Rick Icaza, president of United Food and Commercial Workers (UFCW) Local 770, told the Los Angeles Times that the union had made proposals to cutting health costs, but the chains had refused to consider them. Union leaders instructed workers to strike only at Von's--which is owned by the grocery giant Safeway--in order, they said, "not to inconvenience customers."
But Albertson's and Ralph's--owned by another industry powerhouse, Kroger--both locked out the union. The employers want each worker to pay at least $1,300 a year for insurance premiums, which could add up to $3,500 a year for a family.
They're demanding big increases in health care deductibles and co-pays for doctor visits and for prescription drugs. Oscar Herrera, a picket captain at Von's in the Echo Park area of LA, told Socialist Worker, "Benefits is what everyone is fighting for. That's why people stay with these companies. Our slogan is to stay strong on the line and not let up."
Besides cuts in benefits, the employers are demanding a two-tier pay system in which new hires would top out at $14.90 per hour, compared to the current $17.90. They also want managers to have discretion over how many hours to give to employees, so more hours would go to lower-paid new hires.
Employers are also want "unlimited use of vendors, brokers, salesmen, etc." to do union work. Management even demands the right to open non-union stores in areas where the unionized market share is less than 25 percent!
The chains claim these givebacks are necessary because of the threat of non-union superstores such as Wal-Mart. Yet the corporations that own the three supermarket chains had combined net profits of $1.2 billion for the first half of this year-and their operating profits have risen 10 times faster than their hourly cost for worker health care in Southern California over the past 10 years. Their combined profits have increased 98 percent just since 1998.
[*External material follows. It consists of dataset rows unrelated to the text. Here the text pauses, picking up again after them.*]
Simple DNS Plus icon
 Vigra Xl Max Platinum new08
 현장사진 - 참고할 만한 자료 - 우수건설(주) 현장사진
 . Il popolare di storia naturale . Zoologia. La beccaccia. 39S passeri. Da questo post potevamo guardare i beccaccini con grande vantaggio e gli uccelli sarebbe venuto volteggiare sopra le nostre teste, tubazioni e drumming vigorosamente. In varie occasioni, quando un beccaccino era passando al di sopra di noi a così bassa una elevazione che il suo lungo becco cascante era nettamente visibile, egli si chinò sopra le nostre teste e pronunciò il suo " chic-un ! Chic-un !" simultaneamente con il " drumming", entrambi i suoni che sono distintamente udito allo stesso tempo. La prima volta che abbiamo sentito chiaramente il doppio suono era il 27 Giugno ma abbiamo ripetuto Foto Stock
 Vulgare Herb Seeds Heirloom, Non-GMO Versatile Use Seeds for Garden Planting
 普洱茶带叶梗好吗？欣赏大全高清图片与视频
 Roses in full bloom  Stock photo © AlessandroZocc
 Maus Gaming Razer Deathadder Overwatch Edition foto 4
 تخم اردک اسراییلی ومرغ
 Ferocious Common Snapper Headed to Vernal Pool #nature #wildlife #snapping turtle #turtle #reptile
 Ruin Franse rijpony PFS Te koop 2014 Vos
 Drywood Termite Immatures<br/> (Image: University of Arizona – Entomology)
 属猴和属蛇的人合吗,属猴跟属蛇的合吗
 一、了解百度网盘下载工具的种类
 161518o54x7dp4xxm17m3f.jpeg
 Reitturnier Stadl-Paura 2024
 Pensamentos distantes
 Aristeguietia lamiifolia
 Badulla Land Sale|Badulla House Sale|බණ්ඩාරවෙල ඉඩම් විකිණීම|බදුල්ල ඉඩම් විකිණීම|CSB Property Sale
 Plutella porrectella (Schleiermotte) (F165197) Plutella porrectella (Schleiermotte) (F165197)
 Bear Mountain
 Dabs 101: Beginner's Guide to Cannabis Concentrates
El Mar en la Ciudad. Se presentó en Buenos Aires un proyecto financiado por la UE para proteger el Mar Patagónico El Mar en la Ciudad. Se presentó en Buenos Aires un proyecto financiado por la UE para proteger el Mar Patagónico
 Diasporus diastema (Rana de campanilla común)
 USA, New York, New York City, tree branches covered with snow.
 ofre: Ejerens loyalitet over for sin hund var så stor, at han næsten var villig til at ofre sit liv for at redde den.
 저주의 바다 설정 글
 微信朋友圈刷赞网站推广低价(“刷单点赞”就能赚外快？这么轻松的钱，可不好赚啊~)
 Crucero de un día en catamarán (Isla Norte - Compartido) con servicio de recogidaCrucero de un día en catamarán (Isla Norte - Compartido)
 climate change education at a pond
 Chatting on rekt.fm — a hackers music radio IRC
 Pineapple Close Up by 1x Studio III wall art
On October 10, the three chains took out full-page newspaper ads claiming that they're only demanding that workers pay $5 to $15 per week for health benefits--failing to mention the 50 percent cut in benefits and the two-tier wages. The chains further insulted their employees by placing huge signs in their store windows advertising for "replacement workers"--scabs.
Many customers relate to the workers' fight for decent health care and honored the picket lines. At the Von's in Hollywood, one shopper stopped his SUV to talk with the strikers. "You tell your managers that I spend $500 dollars a month here-but I won't be shopping until they give you guys what you deserve."
On the picket line, workers agreed that they had to strike. "Most important is our health care," said Fuensanta Espinoza. "I have kids. If they get sick, why should we have to pay so much?" Patty Gutierrez, a young Von's employee, doesn't have a family to support but said, "They want to take away my dental and my vision insurance. My contacts would cost me over $300. They're taking away a lot of things we depend on."
The UFCW is also striking some supermarket chains in the St. Louis area, and could soon face strikes in Wisconsin and in West Virginia as well. A victory for workers in Southern California would help turn back the employers' offensive-not just in the grocery industry, but in others as well. As Lily, who's been a cashier at the Echo Park Von's for 15 years, told Socialist Worker, "To win, the most important thing is the unity of everyone. We can't let them intimidate us."